Estava assistindo o noticiário internacional e fiquei surpreso como os movimentos políticos de inspiração muçulmana (fundamentalista) estavam em franca expansão na África e no Oriente Médio, no rastro da destruição dos governos da Síria, Iraque, Iêmen, Líbia, Tunísia, Quênia, Nigéria. E me lembrei do nosso país, particularmente do avanço da proposta de redução da maioridade penal na Comissão de Constituição e Justiça, da Câmara dos Deputados. Imaginei como um projeto inconstitucional e equivocado como esse passou 20 anos para ser aceito na CCJ! Então me dei conta de outro projeto de autoria de um deputado pernabucano, ligado à Assembléia de Deus, sobre o estatuto da família, e do ex-presidente da Comissão de Direitos Humanos, na Câmara, o pastor Marcos Feliciano, homofóbico e intolerante. Fiquei pensando com os meus botões: o que fazer com essa turma, com a intromissão solerte dos neo-penteconstais e pentecostais no política brasileira, graças à alianças espúrias com governos de centro e de centro-esquerda, que lhe garantam a tal de governabilidade? - Em primeiro lugar, é a barbárie mesma. O anti-iluminismo. 0 ataque a todas as conquistas democráticas das inúmeras minorias (e maiorias) perseguidas e ignoradas durante muito tempo pelo legislador brasileiro. Será que esse pessoal está também estimulando a deposição da Dilma e pedindo a volta da Ditadura Militar nas ruas? - O que fazer para conter essa avalanche obscurantista, anti-democrático e avesso aos direitos dos vários grupos multiculturais?
0 conceito de Estado de Direito Democrático inclui o direito à liberdade de expressão, como de reunião e confissão religiosa. Mesmo das igrejas fundamentalistas e antidemocráticas. E é melhor que elas se manifestem claramente à luz do dia, do que conspirarem contra o Estado às escuras. Mas é imperioso para a manutenção dos valores da democracia a preservação da laicidade do Estado brasileiro. Permitir que essas igrejas, seus pastores ou sacerdotes queiram ditar as regras das políticas públicas no Brasil é condenar uma imensa maioria de pessoas que professam os mais diversos credos (ou nenhum credo), a ficar à margem da sociedade ou se converterem a ferro e fogo ao evangelho obscurantista dessa grei. Quando Cristo separou o seu reino do reino secular de César, estava deixando claro que não era um messias terreno ou político. O que lhe custou o desprezo dos hebreus (e sua condenação).
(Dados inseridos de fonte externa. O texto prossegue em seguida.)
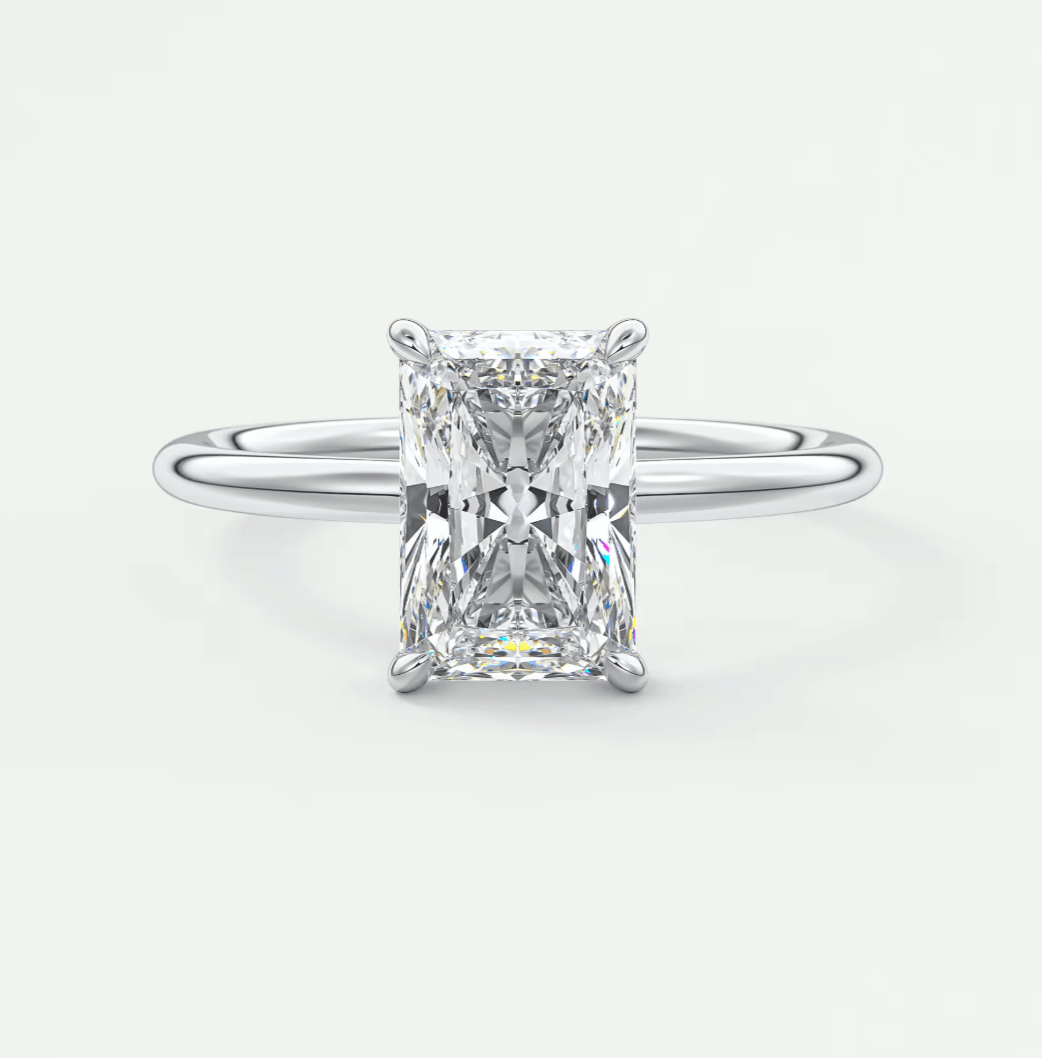 18k white gold emerald cut diamond engagement ring.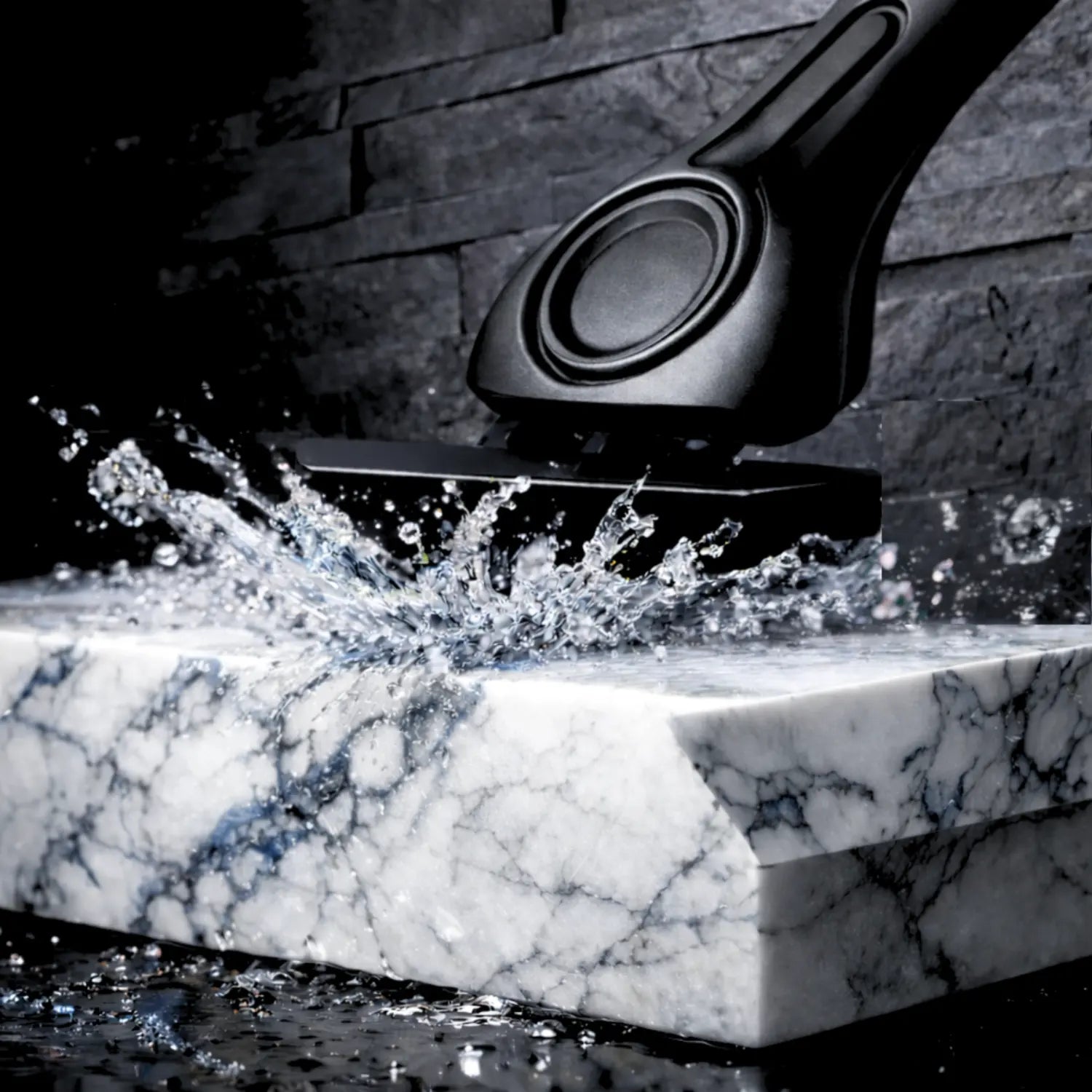 Black metal shaving razor on a marble surface with water splashing around it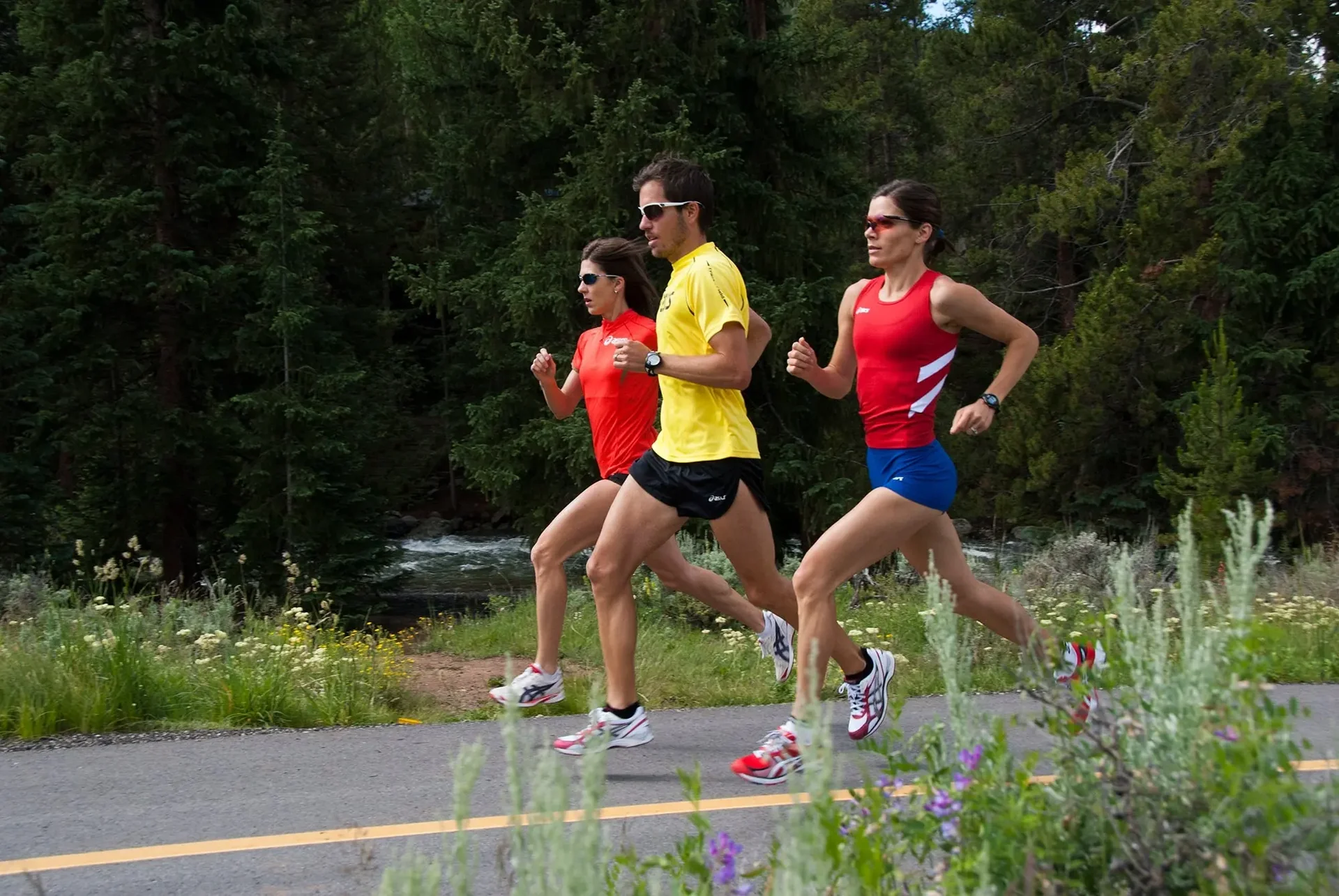 Two runners jogging side by side on a quiet neighborhood road at golden hour, framed from the waist down.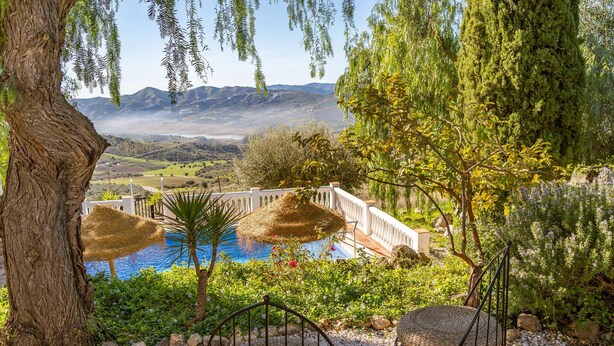 A pool area with a view of a mountainous landscape, surrounded by trees and a white fence. - Beautiful home in Periana (Periana)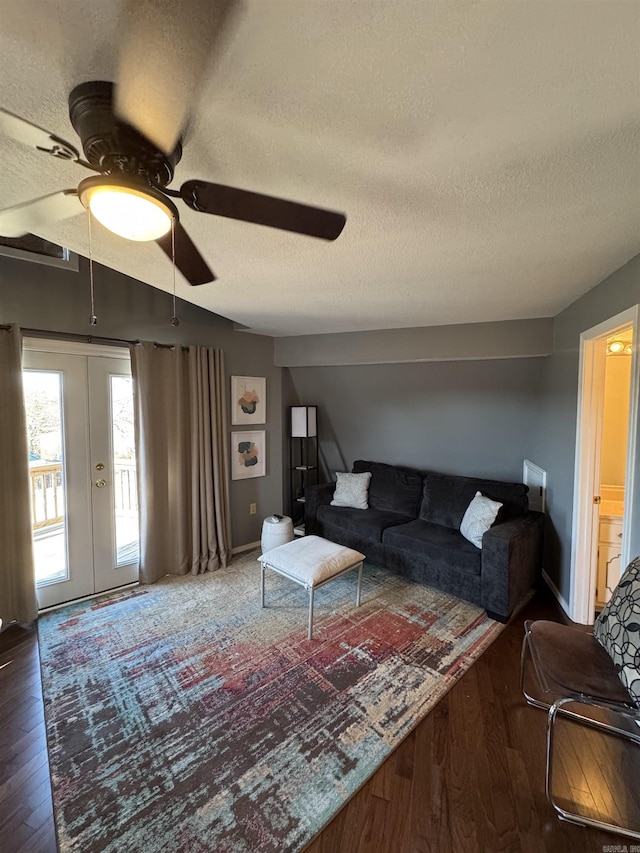 living room featuring a textured ceiling, french doors, wood finished floors, and a ceiling fan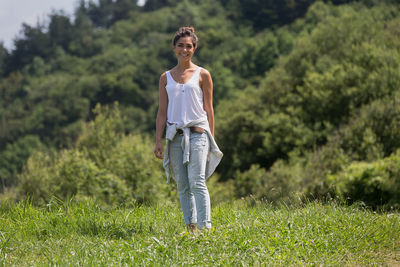 Full length of man standing on grassy field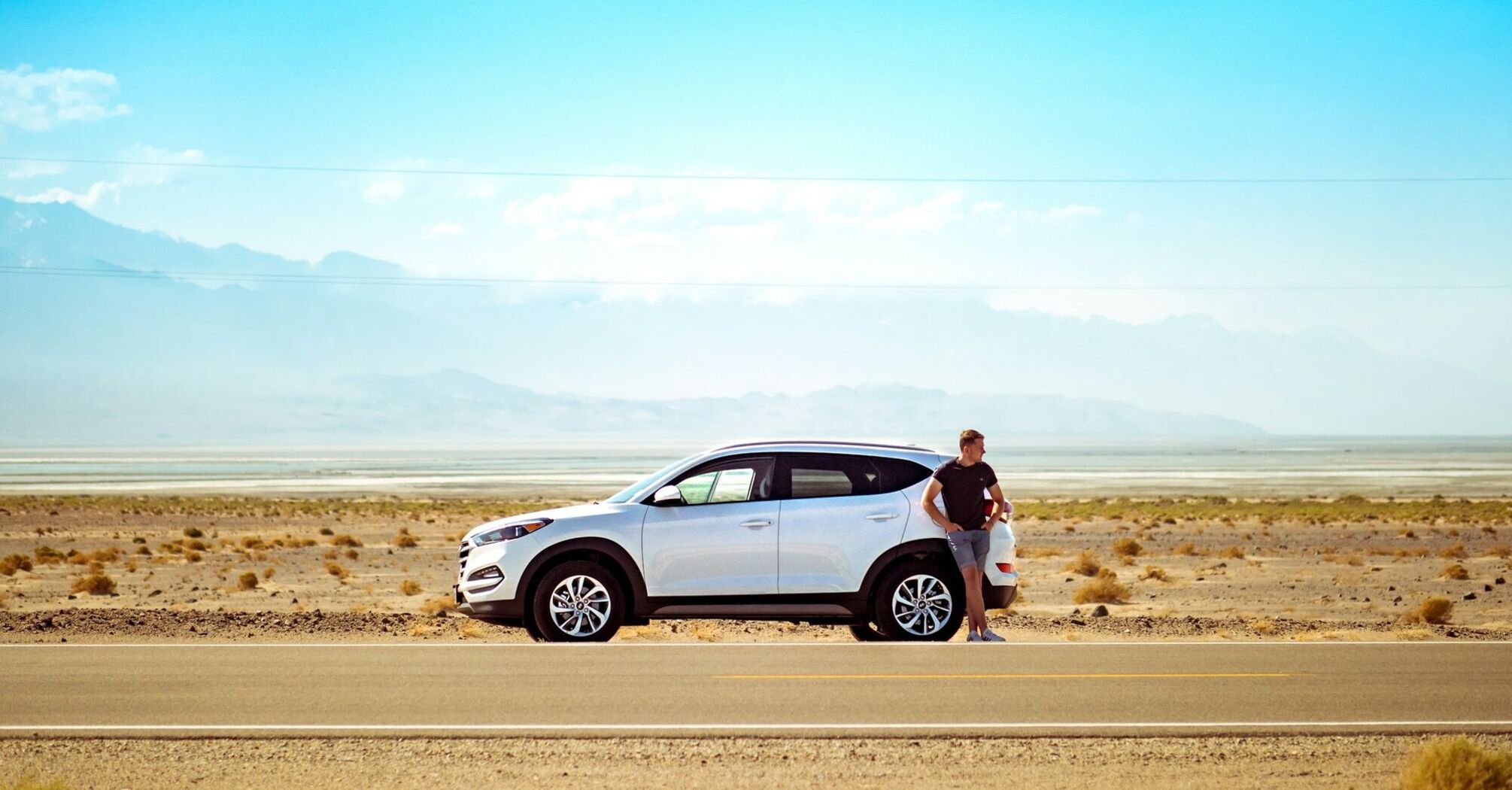 Driver standing beside a rental car on a road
Na verdade, em face da babel cultural religiosa dos nossos dias, o caminho a seguir é aquele definido pelo filósofo alemão como "o patriotismo da Constituição". Nenhum grupo cultural ou religioso pode impor sua hegemonia sobre as demais culturas e sub-culturas num mesmo espaço geo-político. Todos serão respeitados, mas terão um tratamento isonômico do Estado. Viva a liberdade de expressão, desde que ela não se transforme no alimento venenoso da intolerância, da discriminação e do ódio.
Michel Zaidan Filho é filósofo, historiador, cientista político, professor da Universidade Federal de Pernambuco e coordenador do Núcleo de Estudos Eleitorais, Partidários e da Democracia - NEEDP-UFPE
Michel, é sempre gratificante ler suas postagens. Mas esta, é tão instigante que me fez tecer um comentário. A sua indagação: "O que fazer para conter essa avalanche obscurantista, anti-democrática" é a que me faço 24 horas por dia. Defendo que o nosso modelo esgotou-se. Não vejo como rompermos com isso tudo. A politica de "alianças espúrias" como você bem classificou, que busca a governabilidade a todo custo, comprova a fragilidade do nosso sistema politico, da nossa "democracia do voto". A saída, penso eu, só pela via popular. Um grande abraço!